*Records contained in a dataset*:
★ ★ ★

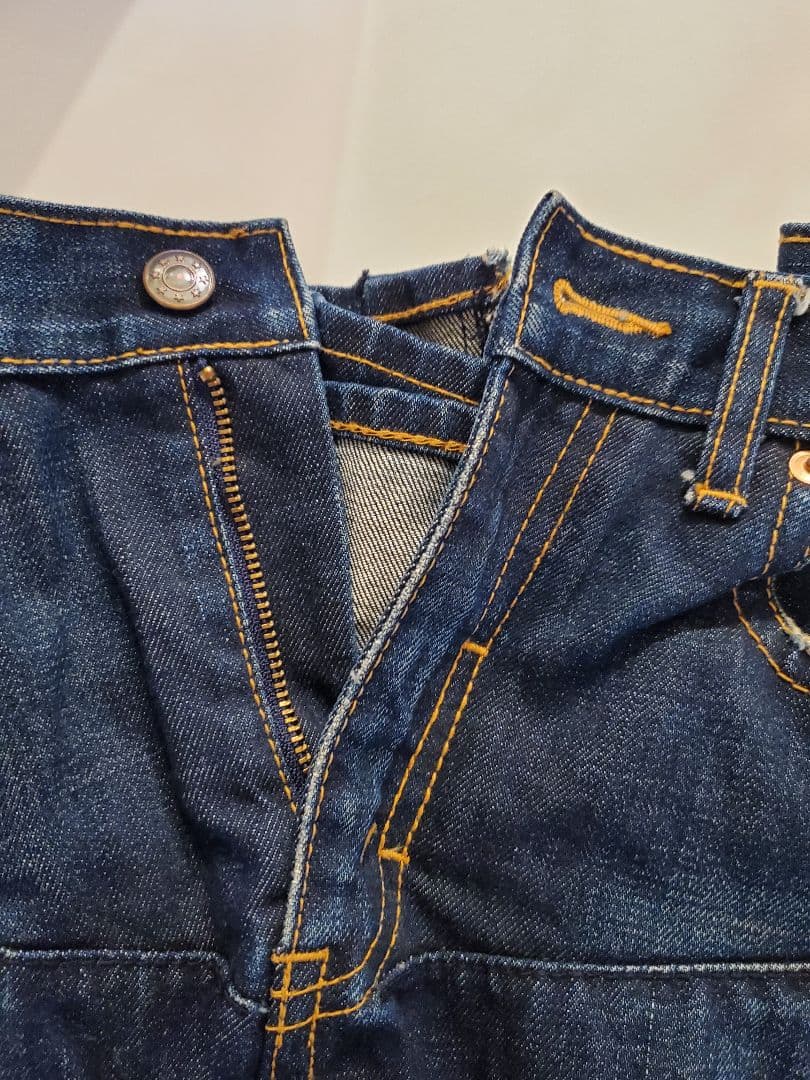 JUNYA WATANABE デニムスカート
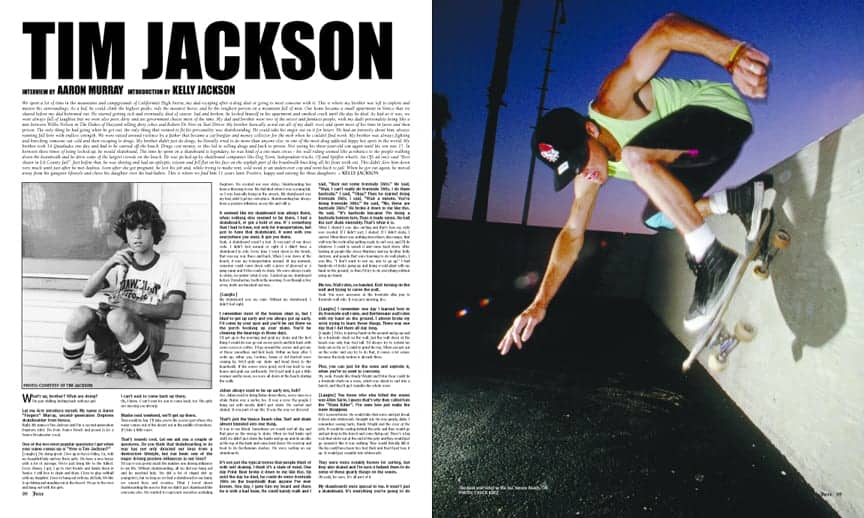 TIM JACKSON FULL VIDEO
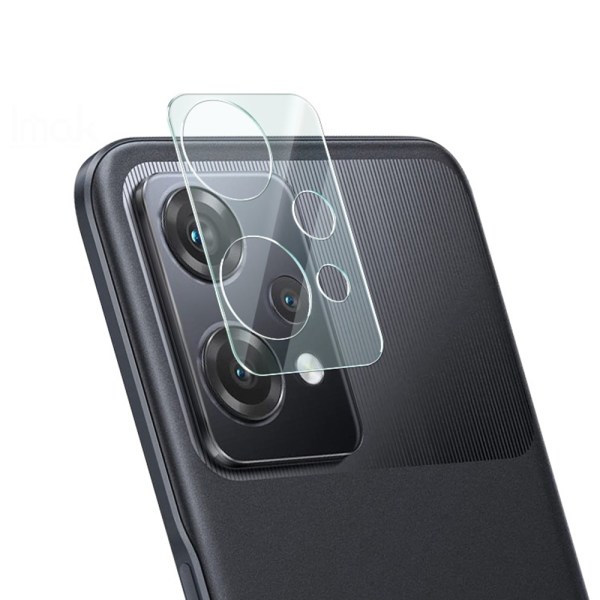 2st OnePlus Nord CE 2 Lite - Skärmskydd Kamera - Härdat Glas Transparent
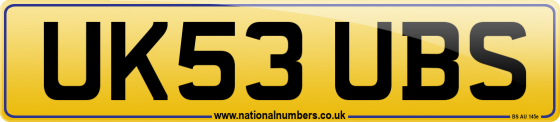 UK53 UBS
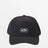 Billabong Crossfire Snapback Hat - Black Slub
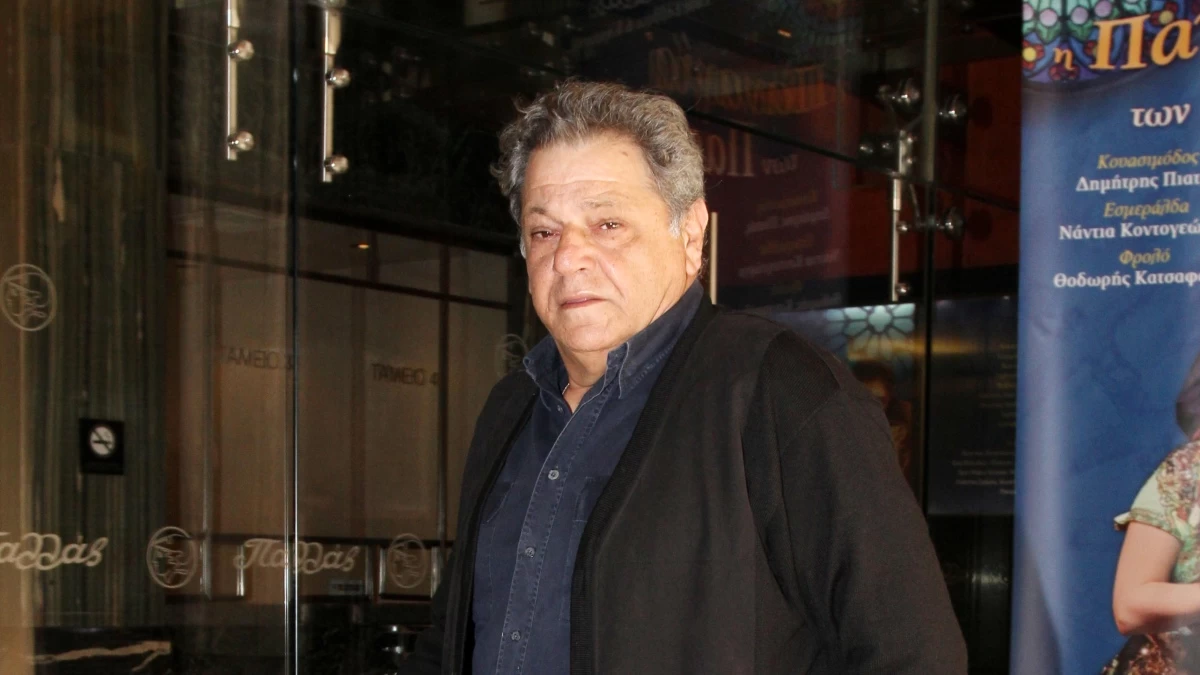 Γιώργος Παρτσαλάκης: Ο μικρός του μοιάζει στο βλέμμα - Αυτοί είναι οι δύο κούκλοι γιοι του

★ ★ ★

*ACTIVITY*: Repeat the data exactly as written, but without the pictures.

*YOUR SOLUTION*:
 JUNYA WATANABE デニムスカート
 TIM JACKSON FULL VIDEO
 2st OnePlus Nord CE 2 Lite - Skärmskydd Kamera - Härdat Glas Transparent
 UK53 UBS
 Billabong Crossfire Snapback Hat - Black Slub
 Γιώργος Παρτσαλάκης: Ο μικρός του μοιάζει στο βλέμμα - Αυτοί είναι οι δύο κούκλοι γιοι του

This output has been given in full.